The second position argued for a fight more exclusively focused within the Labour structures, for winning trade unionists to our political ideas, and held that the conditions do not exist for socialist electoral challenges to New Labour.

Moving the National Committee motions, Sean Matgamna argued that we must relate to the labour movement as it is - where the Labour Party, like it or not, has little life - and not on the basis of reading back from wished-for future scenarios. Other supporters of the majority argued that the counter-motion would tend to reduce the AWL to a propaganda sect buried in the structures of the trade unions and Labour Party.

Supporters of the counter-motion argued that experience had shown the tactic of standing electoral challenges to New Labour to be ill judged and that the potential for a fight within the Labour Party had been underestimated.

The majority argued that to oppose electoral challenges and union rule changes along the lines of those of the RMT would mean 'boycotting ourselves' and depriving the AWL of one of the best opportunities to raise the ideas of socialism and workers' representation with a broad working-class public _ elections. The minority said that this position represented "an orientation towards the left milieu", whereas "making a choice to prioritise trade union and Labour Party work was 'an orientation towards the class'."

The example of the SSP was frequently referred to. Some comrades cited it as an example of how socialist electoral challenges could help build a genuine base in the working class, while others criticised it for "splitting the British working class along national lines".

A motion had been submitted for the AWL to advocate abstention in the June elections, rather than voting Labour where there is no socialist candidate. After pre-conference debates, it was withdrawn before reaching the floor of conference.

As well as major policy debates, conference also included several side-meetings and caucuses, including a student caucus, a caucus to discuss No Sweat work and a meeting on campaigning in the upcoming council elections.

A new National Committee was elected on the second day of conference, increasing in size from the 23 of 2003 to 24 this year and bringing in a number of new members.

Sunday's discussion around the document 'Building the AWL: an independent workers' focus', looked at issues such as AWL's publications, the role of our website, our student work and the way in which we can work within No Sweat and other campaigns in the 'anti-capitalist milieu' to bring newly radicalised youth towards working-class socialist politics.

The gist of the document was summed up by its last paragraph: "The task before us is nothing less than going into the new but diffuse political ferment, as alert and articulate advocates of independent working-class politics, and from it assembling a new periphery for [the AWL] out of which to build a strong revolutionary organisation capable of making a decisive difference in the struggles to come."

Several speakers urged comrades to have more confidence in our ideas, which had the capability to "link the new radicalisation to working class politics and the fight for socialism."

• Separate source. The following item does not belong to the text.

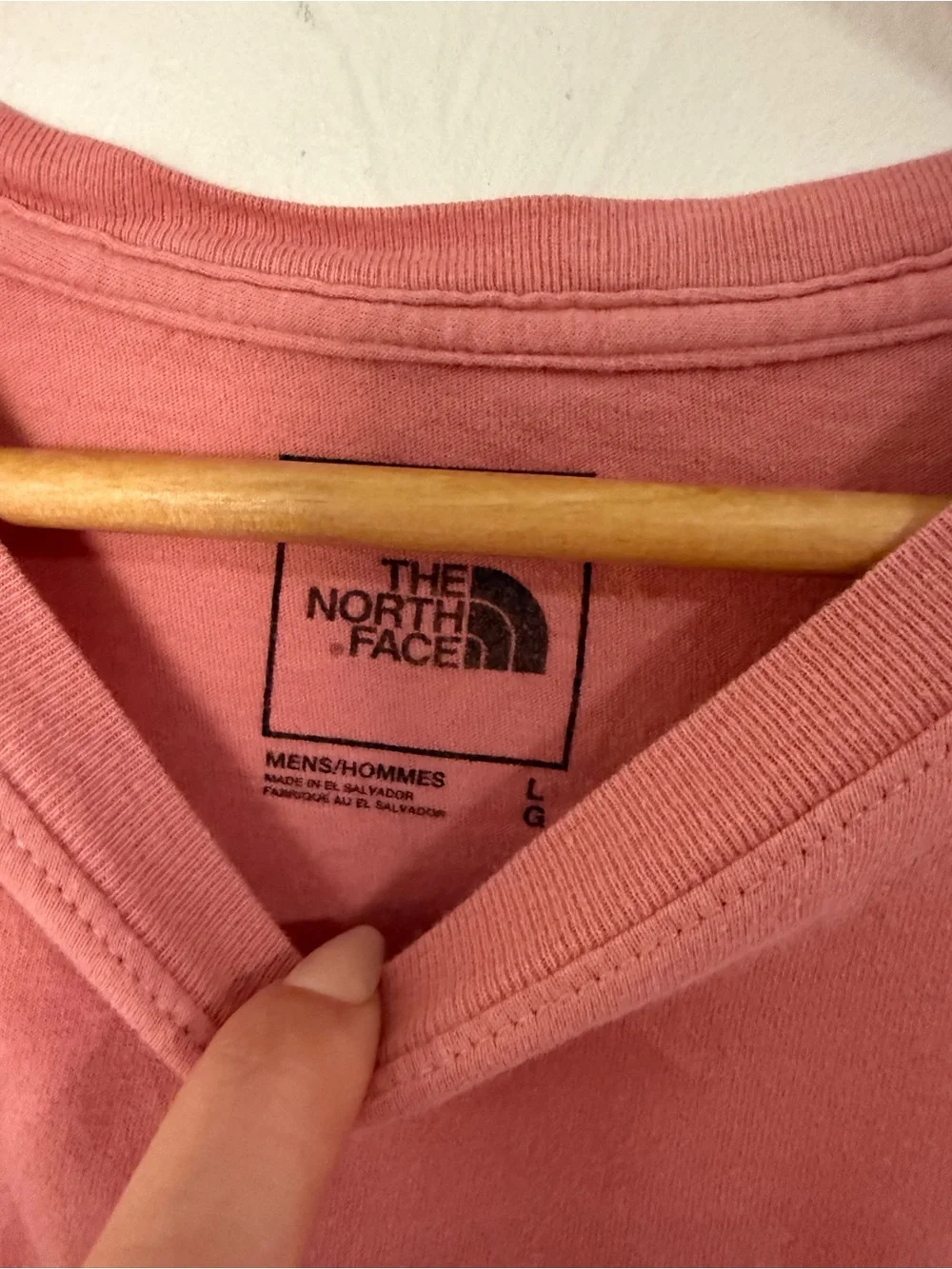 The North Face Pink Logo Graphic Tee Size Large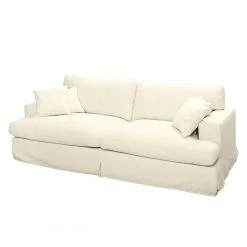 Maison Belfort Sofa Mormès (3-Sitzer) Webstoff - Creme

In making the closing speech, I stressed that, while our organisation - like every revolutionary group throughout history - has its imperfections, it is vital to have confidence in the fact that the ideas we are developing are the ideas for the future emancipation of the working-class and with it all humanity. I asserted that in the current political climate of the left, no one but the AWL will tell the truths that need to be told about key issues such as international working-class solidarity and workers' political representation.

Appropriating a Jewish adage I learnt as a child in synagogue, I summed up by saying "if not us, who? And if not now, when?"

As the conference rose to sing the traditional anthem of communism, 'The Internationale', doubtlessly its words rang home to all comrades: it is time to 'face the fight' before us, and instill 'reason in revolt'. The 2004 conference of the Alliance for Workers' Liberty was about doing just that.